- **GIVEN RECORDS**:
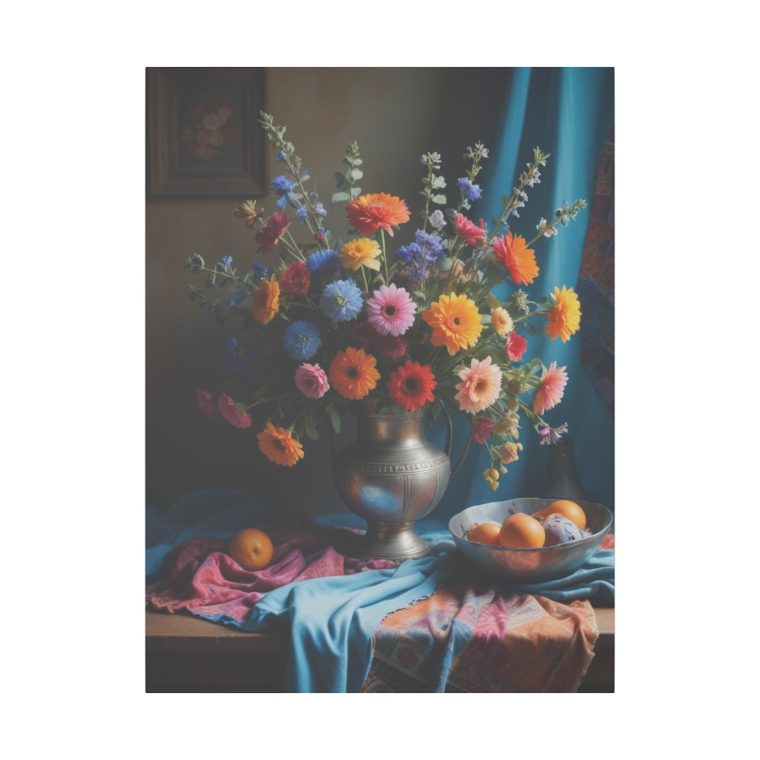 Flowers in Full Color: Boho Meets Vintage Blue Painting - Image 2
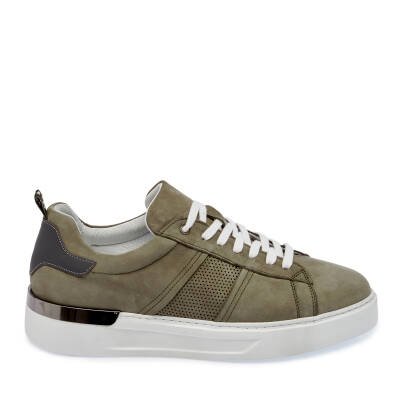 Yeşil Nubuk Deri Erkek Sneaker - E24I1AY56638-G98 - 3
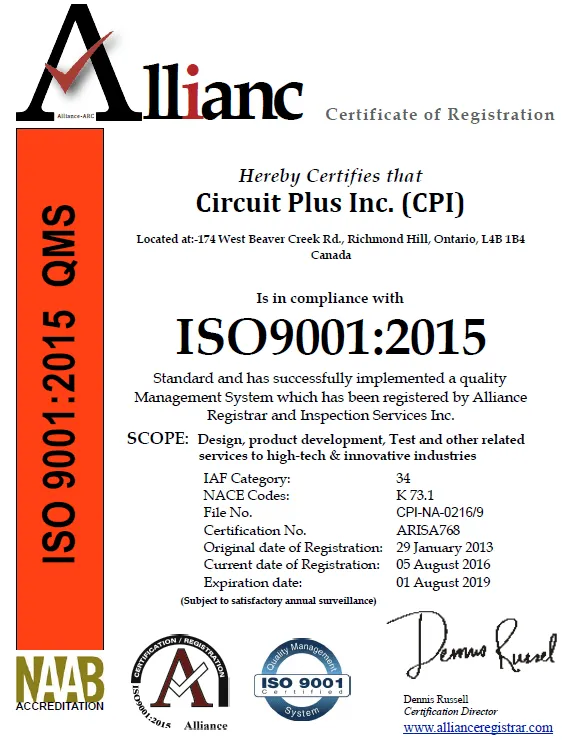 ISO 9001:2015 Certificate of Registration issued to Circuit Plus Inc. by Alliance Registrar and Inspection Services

...

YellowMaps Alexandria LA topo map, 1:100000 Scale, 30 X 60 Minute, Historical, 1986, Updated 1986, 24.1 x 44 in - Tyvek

- **WORK INSTRUCTIONS**:
Quote the lines above exactly, starting with the one that has "Yeşil Nubuk Deri" and ending with the one that has "ISO 9001:2015 Certificate"; drop the pictures and include nothing else.

- **YOUR RESPONSE**:
 Yeşil Nubuk Deri Erkek Sneaker - E24I1AY56638-G98 - 3
 ISO 9001:2015 Certificate of Registration issued to Circuit Plus Inc. by Alliance Registrar and Inspection Services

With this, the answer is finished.